■ TASK DETAILS
Transcribe all of the data exactly, leaving nothing out.

■ AVAILABLE DATA

[Start of Attachment]

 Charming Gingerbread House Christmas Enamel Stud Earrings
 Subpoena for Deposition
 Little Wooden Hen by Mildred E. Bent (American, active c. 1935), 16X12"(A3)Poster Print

[End of Attachment]

■ EXERCISE OUTPUT
 Charming Gingerbread House Christmas Enamel Stud Earrings
 Subpoena for Deposition
 Little Wooden Hen by Mildred E. Bent (American, active c. 1935), 16X12"(A3)Poster Print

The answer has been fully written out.